BEGIN Data supplied

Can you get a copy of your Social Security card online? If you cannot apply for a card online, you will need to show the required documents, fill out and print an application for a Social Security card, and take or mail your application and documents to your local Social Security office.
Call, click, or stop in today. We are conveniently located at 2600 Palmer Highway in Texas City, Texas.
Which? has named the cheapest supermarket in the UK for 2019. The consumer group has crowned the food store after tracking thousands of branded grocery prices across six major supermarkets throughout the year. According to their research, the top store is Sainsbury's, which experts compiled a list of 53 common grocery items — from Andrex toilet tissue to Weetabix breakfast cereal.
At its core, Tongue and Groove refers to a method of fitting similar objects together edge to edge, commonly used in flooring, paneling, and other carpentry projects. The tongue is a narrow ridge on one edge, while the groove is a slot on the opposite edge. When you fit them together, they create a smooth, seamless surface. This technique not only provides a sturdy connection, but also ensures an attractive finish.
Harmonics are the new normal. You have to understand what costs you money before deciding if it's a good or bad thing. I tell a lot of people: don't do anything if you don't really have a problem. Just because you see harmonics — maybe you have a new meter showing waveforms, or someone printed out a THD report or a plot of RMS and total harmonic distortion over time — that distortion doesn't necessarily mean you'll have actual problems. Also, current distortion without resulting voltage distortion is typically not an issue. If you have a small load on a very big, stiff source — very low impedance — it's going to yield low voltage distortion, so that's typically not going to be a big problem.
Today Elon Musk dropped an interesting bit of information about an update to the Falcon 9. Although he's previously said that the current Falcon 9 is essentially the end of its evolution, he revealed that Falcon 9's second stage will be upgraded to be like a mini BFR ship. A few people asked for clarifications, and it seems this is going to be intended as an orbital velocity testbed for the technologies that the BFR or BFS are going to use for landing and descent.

END Data supplied
BEGIN Data supplied

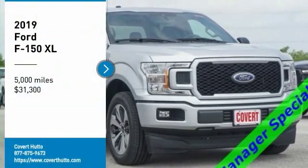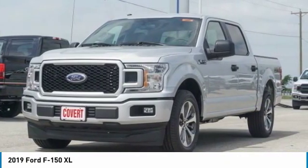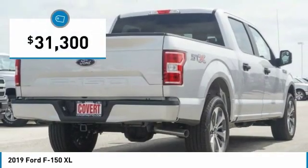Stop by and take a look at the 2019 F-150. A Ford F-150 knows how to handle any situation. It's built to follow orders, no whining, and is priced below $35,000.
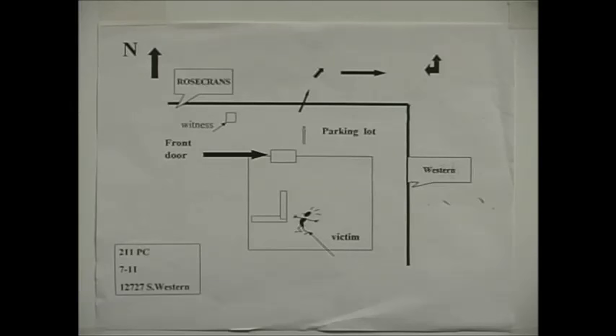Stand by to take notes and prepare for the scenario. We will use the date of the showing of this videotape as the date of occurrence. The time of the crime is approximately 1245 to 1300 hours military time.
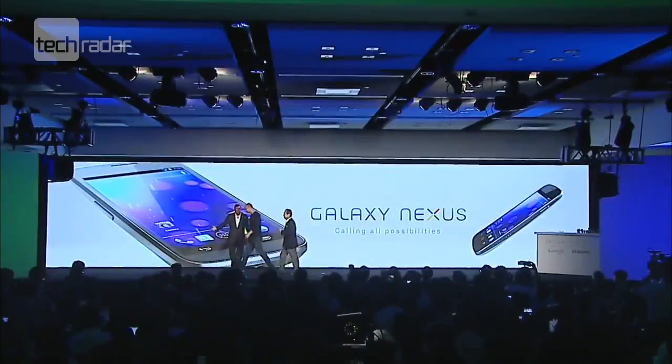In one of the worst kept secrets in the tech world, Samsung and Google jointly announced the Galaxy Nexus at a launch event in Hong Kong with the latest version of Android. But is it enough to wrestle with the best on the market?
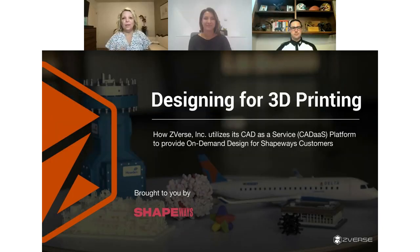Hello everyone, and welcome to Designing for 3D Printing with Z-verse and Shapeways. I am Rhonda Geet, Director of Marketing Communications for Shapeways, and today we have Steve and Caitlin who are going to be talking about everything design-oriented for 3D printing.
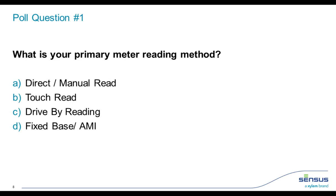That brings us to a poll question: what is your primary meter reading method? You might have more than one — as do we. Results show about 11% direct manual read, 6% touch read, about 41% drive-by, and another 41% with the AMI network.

END Data supplied

Exercise requirements: Write out exactly the lines above between the line with "Can you get" and the line with "Call, click, or", inclusive, and nothing beyond them.

Reply:
Can you get a copy of your Social Security card online? If you cannot apply for a card online, you will need to show the required documents, fill out and print an application for a Social Security card, and take or mail your application and documents to your local Social Security office.
Call, click, or stop in today. We are conveniently located at 2600 Palmer Highway in Texas City, Texas.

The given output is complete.